TwitterNet

Contents

Introduction

Encouraged by the discrimnatory power of sentence embeddings observed in our preliminary EDA, we set out to train a Neural Network model on these embeddings, along with some other features. We call it TwitterNet. Our trained network performed well, with a Validation set accuracy of 96.3% (using a random split) and 95.3% (using a temporal split). We achieved similar accuracies for our test set.

The Power of Sentence Embeddings: To measure the efficacy of sentence embeddings, we conducted an experiment where we substituted the sentence embeddings with Gaussian vectors of same dimension. We did not change the other features (retweets, followers, following). The Neural Net performed poorly with validation accuracy reaching only ~57% by the end of 15 epochs. This confirmed the ability of sentence embeddings to discern among trolls and non-trolls.

Visualizing Layers of TwitterNet: To understand how TwitterNet is able to discern between Trolls and Non-Trolls, we visualized the output of three fully connected layers of the network. Specifically, we did a forward pass through our network for about 20k training samples, and visualized the first two principal components of the output produced by each layer. Figure 1 below shows the result. One can observe that when just plot the principal components of inputs, the troll and non-troll data is thoroughly mixed. But as we move from the input layer towards the output layer, each successive layer is able to better separate out trolls from non-trolls.

Fig. 1: First Two Principal Components of Outputs of Layers of Trained TwitterNet We used Random Train-Test-Val split for this experiment.

Data

We used Facebook’s InferSent sentence embeddings generator to encode the content of tweets. Our hyperparameter settings include using a vocabulary of 100,000 words, and using the GloVE pre-trained word embeddings. Each sentence was converted into a vector of length $4,096$.

We concatenated the sentence embedding of each tweet, with three other features (number of ‘retweets’, number of ‘followers’, and number of ‘following’) reulting in an input vector of length $4,099$ which we fed into TwitterNet. We standardized the three additional features using training set mean and standard deviation, before concatenating them with sentence embeddings.

TwitterNet Architecture

We used a fully connected Neural Network which we implemented in PyTorch. The table below lists out the details:

Layer Name Type Activation Input Dimension Output Dimension
fc1 Fully Connected ReLU 4099 1024
drop1 Dropout (p=0.7) - 1024 1024
fc2 Fully Connected ReLU 1024 512
drop2 Dropout (p=0.7) - 512 512
fc3 Fully Connected ReLU 512 128
fc4 Fully Connected - 128 2

The only form of regularization we used for our network was the two DropOut layers with a Drop probability of 0.7. we trained using SGD with momemtum of 0.9 and a learning rate of 0.1.

Results

Summary

We trained TwitterNet for 20 epochs for each of random and temporal train-val-test splits. The results are summarized below, and individual experiments follow.

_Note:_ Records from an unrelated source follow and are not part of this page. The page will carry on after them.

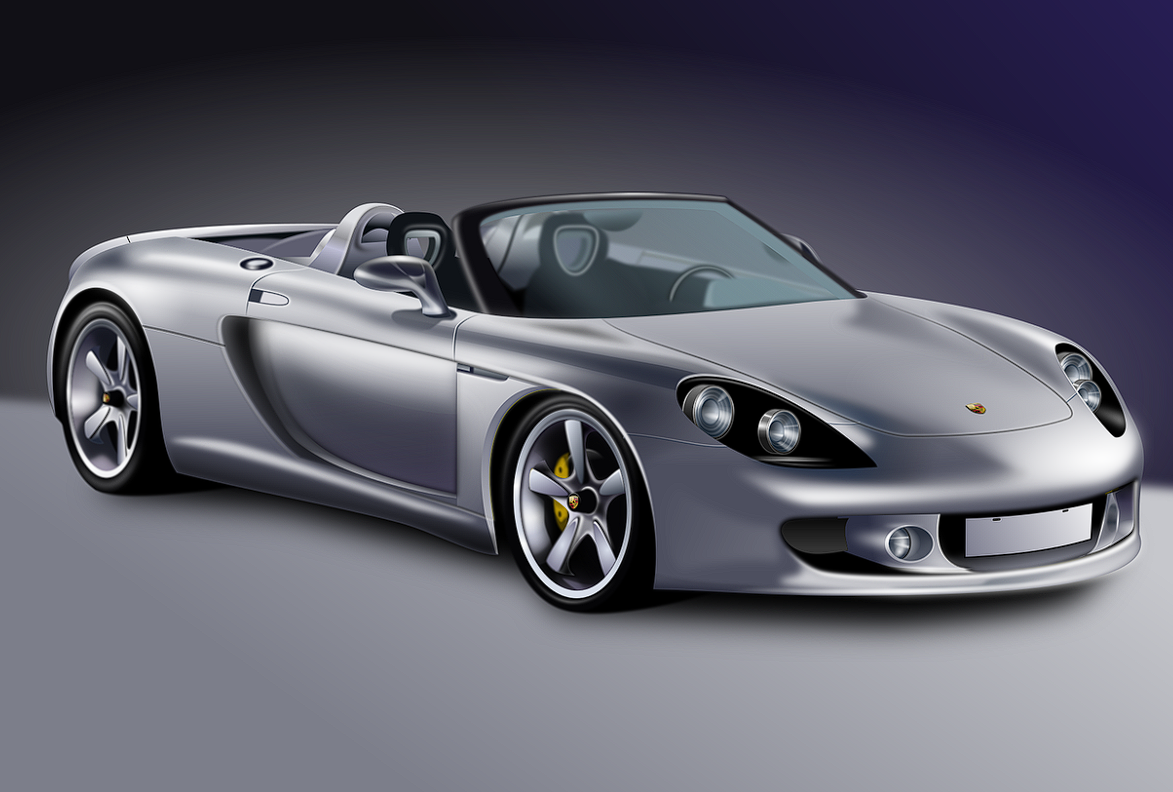 자동차 당일 보험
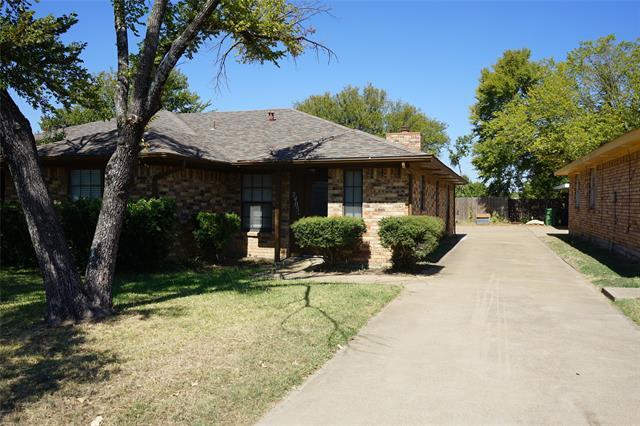 Primary Photo - 2405 Ventura Dr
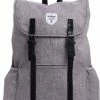Beste deal π Norlander Norländer Twin Tone π Backpack Adventurer Grijs β 1 Beste deal π Norlander Norländer Twin Tone π Backpack Adventurer Grijs β -Samsonite Winkel 550x720 6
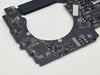 MacBook Pro 13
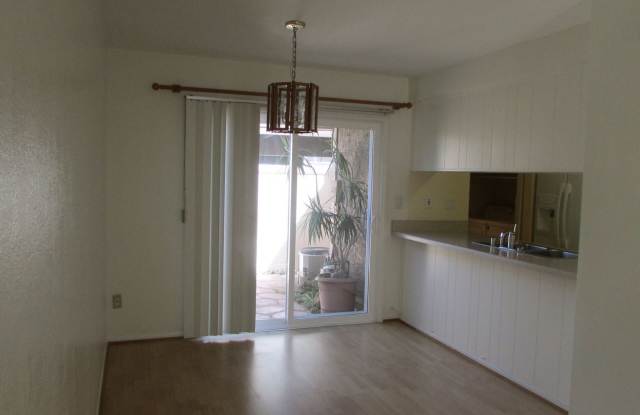 28858 Conejo View Dr Gallery 3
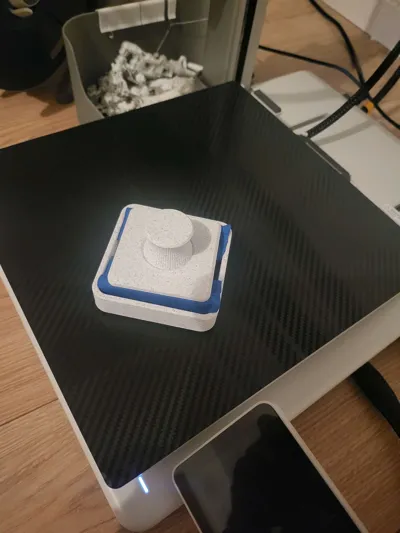 https://makerworld.bblmw.com/makerworld/model/386963/307309/ratings/f43352a0-b83f-11f0-bfd4-5d0e51d28cce.jpg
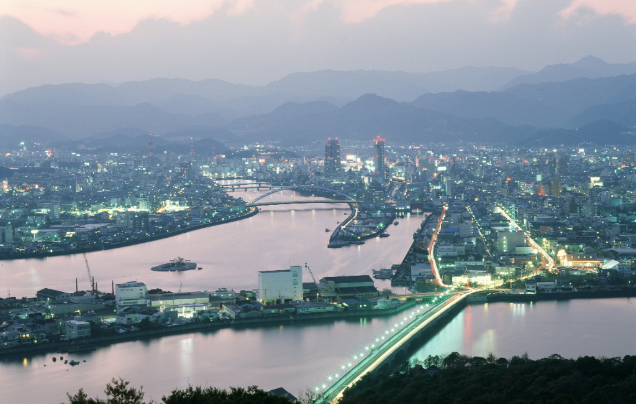 Day 13: Cruise – Explore Kochi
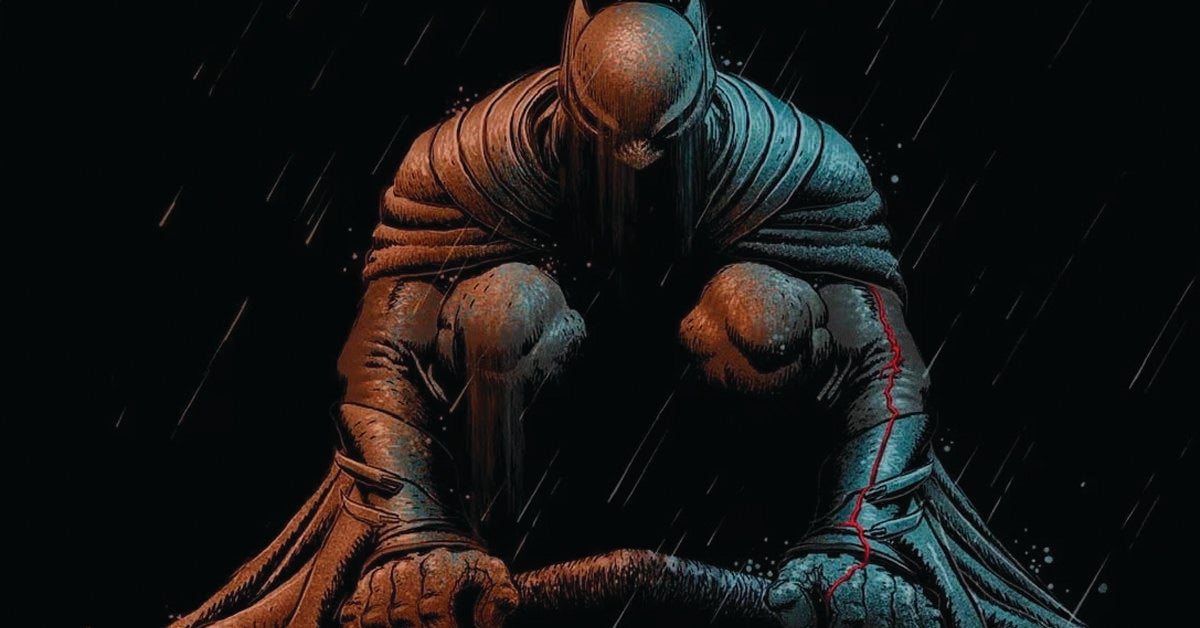 batman-gargoyle-of-gotham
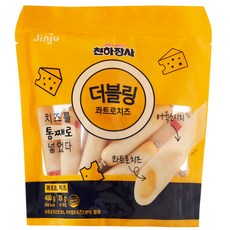 //상품명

Method Split Type No. of Epochs Train Accuracy Validation Accuracy Test Accuracy
Sentence Embeddings with Neural Net Random 20 96.40% 96.30% 96.09%
Sentence Embeddings with Neural Net Temporal 20 96.48% 95.31% 95.28%
Random Embeddings with Neural Net Random 15 ~75% ~57% -

The last row of the table above shows the results of our experiments when we replaced each $4,096$ long sentence emnbedding with a standard Gaussian vector of same length. We conducted this test to gain confidence in the efficacy of sentence embeddings. As one can observe, the discernability of our Net dropped sharply when we removed the sentence embeddings.

Accuracy Plots

Below we show the accuracy plots for the three experiments summarized above. Using sentence embeddings, both training and validation accuracies achieved high levels just after 1-2 full iterations over our training set.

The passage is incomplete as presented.